Especially read Gladwell's Preface in which he tells how he came to choose his subjects and where he finds his stories ("You don't start out at the top if you want to find a story. You start in the middle, because it's the people in the middle who do the actual work in the world.") Be sure to read his chapter, "Late Bloomers; Why Do We Equate Genius with Precocity?" His premise is that many people are slow to develop their genius and craft, partly due to a propensity to experiment.

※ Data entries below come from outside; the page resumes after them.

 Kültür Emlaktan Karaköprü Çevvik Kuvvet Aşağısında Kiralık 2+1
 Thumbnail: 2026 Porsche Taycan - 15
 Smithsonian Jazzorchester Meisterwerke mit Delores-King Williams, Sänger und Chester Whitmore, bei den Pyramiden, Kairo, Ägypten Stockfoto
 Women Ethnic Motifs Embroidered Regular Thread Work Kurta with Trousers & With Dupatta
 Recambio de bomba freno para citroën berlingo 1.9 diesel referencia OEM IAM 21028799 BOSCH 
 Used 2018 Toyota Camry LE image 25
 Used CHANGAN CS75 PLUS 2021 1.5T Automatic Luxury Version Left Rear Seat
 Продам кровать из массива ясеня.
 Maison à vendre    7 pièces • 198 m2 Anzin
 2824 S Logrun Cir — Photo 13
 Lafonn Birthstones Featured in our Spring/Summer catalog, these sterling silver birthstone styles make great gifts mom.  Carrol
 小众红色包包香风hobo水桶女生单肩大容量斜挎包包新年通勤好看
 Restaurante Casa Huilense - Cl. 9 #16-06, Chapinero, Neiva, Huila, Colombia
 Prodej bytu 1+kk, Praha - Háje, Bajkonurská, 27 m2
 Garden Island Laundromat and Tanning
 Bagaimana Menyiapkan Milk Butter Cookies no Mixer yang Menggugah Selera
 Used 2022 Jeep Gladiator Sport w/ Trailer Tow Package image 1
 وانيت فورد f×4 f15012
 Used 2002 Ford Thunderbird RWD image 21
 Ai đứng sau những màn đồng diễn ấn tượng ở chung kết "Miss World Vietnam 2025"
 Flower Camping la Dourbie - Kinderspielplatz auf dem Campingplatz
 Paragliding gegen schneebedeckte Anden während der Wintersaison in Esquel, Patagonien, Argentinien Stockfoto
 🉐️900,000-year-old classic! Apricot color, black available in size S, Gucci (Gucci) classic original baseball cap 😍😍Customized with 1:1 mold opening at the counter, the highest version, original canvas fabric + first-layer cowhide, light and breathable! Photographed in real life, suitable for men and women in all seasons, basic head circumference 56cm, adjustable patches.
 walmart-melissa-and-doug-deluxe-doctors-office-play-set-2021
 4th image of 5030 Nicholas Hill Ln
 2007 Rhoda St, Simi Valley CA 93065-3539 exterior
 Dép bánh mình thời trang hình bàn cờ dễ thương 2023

My way of writing songs has always been to write the lyrics first and then fit them into a melody/rhythm. Before I wrote my last recorded song, "See Him Home," some little thought in my head suggested that I first write the melody. I thought that was crazy, but the deadline for when I would have to have a song ready was a week away, and I was desperate enough to try anything. I sat down at the piano and a melody floated out of the chord changes I was playing. Next, the words fell into the spaces, words so touching and real, they surprised me and made me cry.
A few nights ago, I was thinking about what I'd like to write next, after my book Life with a Buckskinner hits the screens of the Kindle and Nook readers and the audio version is in the ears of iPod listeners. I could write a memoir about the years when I nearly died from a dark-ages abortion and the Catholic church annulled my marriage to my first husband. There's a piece of history I'm hoping our country never has to go back to! I could write a memoir about what it was like growing up in a family with a brain-injured father. That's the most common injury of war veterans these days.
I was in a quirky mood that night, and I've chewed up and choked on those old topics enough. That little backwards thought in my head started buzzing around again, suggesting that I first write the title of a story, and then fill in the story. So I wrote down a bunch of titles.
And then I got this freaky idea to let others write chapters for these books. They'll be collective works, written by a number of people instead of just one. Each chapter has to stand on its own with a beginning, middle and end. There won't be any money for the contributors--it takes some capital and editor's time to get an e-book out, and most books sell fewer than 100 downloads, for a pittance--but there will be plenty of notoriety to go around!
It doesn't matter if your chapter is fact or fiction, serious, funny, long, or short (a few hundred words). Write whatever and however much you want to write. The only limitations are that your chapter can't have any "explicit" sexual material in it, and it needs to somehow fit with the book title. Include made-up or real-life stories in your chapter, to provide a balance of showing and telling.
If you're interested, do this:
- Friend me on Facebook, if you're not already on my Facebook page.
- Send me a message telling me which book(s) you'd like to write a chapter for. I'll give you my email address.
- Write the chapter; make sure your name is on it and which book you're writing the chapter for.
- Attach the chapter to an email.
Renelle's Facebook Page
Here are the book titles:
- How To Be Something You're Not
- A Perfectionist's Descent into Mediocrity
- How I Quit Smoking and Everything Else
- Surviving the Presidential Election; When Moving to Another Country Isn't an Option
- Confessions of a Non-Bloomer
- Can I Do Anything About This? Plus 200 (or however many we get) More Decision-Guiding Questions to Ask Yourself (each question has to be explained for its importance, with examples of how/when to ask the question--again, humorous, serious--your call.)